You're willing to go into playground invective at a moment's notice, but
suddenly someone calls you on it, and you're all courtier's reply. That
you had trouble "interprete"-ing his "rhetorics" proves that, while you
might be up to date in IT and CS, you need some remedial classes in
reading comprehension.

You wanna get technical? Let's get technical:

What Rubén was trying to point out was this: computers are by their very
nature complex tools, and nobody knows how to use them without being
taught in one way or another. Some try to figure it out themselves, some
consult documentation, some attend classes.

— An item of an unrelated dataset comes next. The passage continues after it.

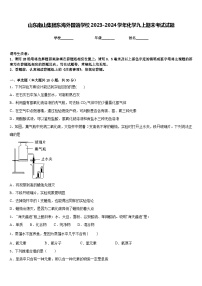 山东南山集团东海外国语学校2023-2024学年化学九上期末考试试题含答案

However, people don't realize the complexity exists, partly because of
UI streamlining over the years, and partly because, as a society, we're
around these machines a lot more often.

suckless is about *simplicity*. Simplicity != easy to use. Simplicity
means, basically, there's fewer parts to break, and there *being* fewer
parts, it's easier to see *where* it breaks. Unfortunately, the more
"easy to use" you make a piece of software, the bigger it gets and the
more dependencies it accrues, and you're right back at suck software.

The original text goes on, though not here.